The massive white and golden building, from the outside, looked relatively contained until one dug into its underbelly. A sprawling maze of tunnels and hallways leading throughout the underside of the city. From water maintenance, sewer access, magic panels, and all the switches that kept the city running, there were tunnels that led to other pockets of the council that the general public did not know about. The morgue was one of the forgotten parts of the city’s infrastructure. What happened to the dead was something the general masses did not care to know about. People still died in King’s Fall, murders still happened, bodies still decomposed, and some illnesses were still incurable. Age was still the number one cause of death. But what happens to the bodies? And the answer was the morgue redistributes most of them. For those who still hold cultural value with their dead, the bodies are tended to with instruction given by the family. For those who don’t, well,nothing’s wasted in the city.
But other things in the depths beneath the building were the hall of records, all those too important or classified to be accessible by the public. And the vault. Something most did not know existed. A tight, magically protected vault deep in the earth, beyond where most people can reach without knowing the way. It was the promise all the founders made to the city. A family heirloom, an enchanted journal, anything that would keep the family from trying to start a coup. Anyone who insighted violence or a riot against the fragile democracy they had would lose their donated artifact.
Sebastian’s soulstone was in that vault. The only difference between him and the other founding families who signed away their souls to the city, was Sebastian could summon back his stone...and it was over. The walls around the city would come crumbling down.
And so, the city did their best to keep Sebastian happy and he kept his promise of protection.
Aravis cleared his throat, leading them away from the morgue and up into the main halls. What little life there was in the tunnel up until that point cleared immediately. The walls, carved out from the earth with jagged tools, filled with shadows as Aravis led the two into a small offshoot.
“He’s dead.”
“What?” Smith blurted out. “How? In the chase?”

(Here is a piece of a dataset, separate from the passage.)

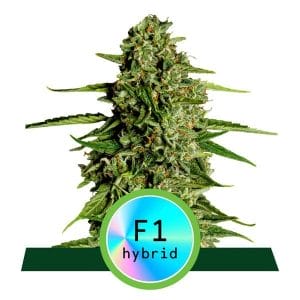 Medusa F1 Auto Feminised Cannabis Seeds by Royal Queen Seeds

“No, we were tipped off to his location as he was trying to flee the city. We closed in on his location and he ran once more. However, he headed into the haunted forest. And when we found him, all I collected was his head. And a couple of fingers. The rest of him was destroyed or missing.” Aravis pulled out photos from his cloak, handing them to Smith. Austin loomed over the Slender’s shoulder, both studying the gore captured in the photographs. Smith memorized the sinew draped across the tree branches, blood soaking into the snow, and the head sat where it had been chopped off. Handing the photos to Austin, he returned his attention to Aravis.
“We were attacked today by more eldritch beasts, this morning, leaving the artist emporium. I’m assuming not a singular bystander reported it?”
Aravis eyed him, a bone chilling silence filled the room for a long moment. Then he answered through gritted teeth, “This? Morning?”